Mangospacho with basil infused lobster
Gazpacho:
- 2 large ripe mangoes, peeled, pitted
- 1 small green apple, peeled, chopped
- 1 small celery stalk, chopped
- 3/4 cup fresh orange juice
- 1/2 cup chopped seeded peeled cucumber
- 1 tablespoon fresh lime juice
- 2 teaspoons chopped peeled fresh ginger
- 1 large jalapeño chile, seeded, minced
- 1/2 teaspoon coarse kosher salt
- 1/4 teaspoon ground cumin
- 4 fresh cilantro sprigs
For gazpacho:
Purée first 10 ingredients in blender. Chill 2 hours. do ahead Can be made 8 hours ahead. Keep refrigerated.
For basil puree: In a blender, puree 2 bunches of picked fresh basil leaves with 4oz of canola oil and a pinch of salt. add 1TBS of rice wine and a teaspoon of sugar. Reserve half of basil puree for garnish.

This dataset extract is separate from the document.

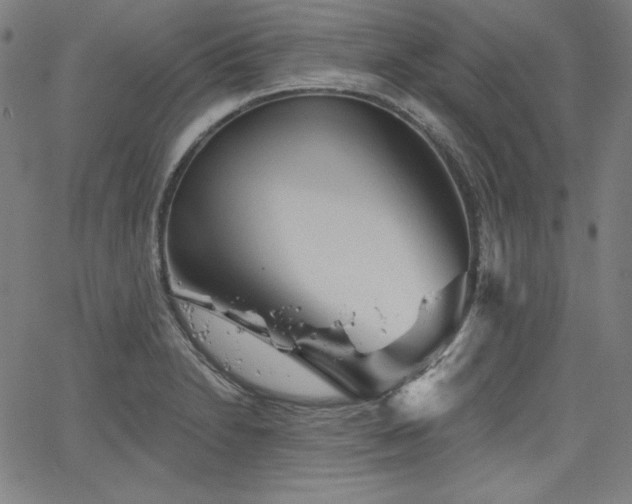 X0000066121230200603101227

For lobster: Place 4oz. Maine lobster tails in simmering water for 6-8 mins, remove from pot and shock in ice water. Shell, devein and split lobster tails in half lengthwise. Toss lobster tails in basil puree and chill for at least 1 hour.
Ladle soup into 4 bowls; top each with 1 half lobster tail. Garnish with basil and cilantro.













Your basil infused lobster sounds great. We certainly have the lobster here and I’ll be trying it soon.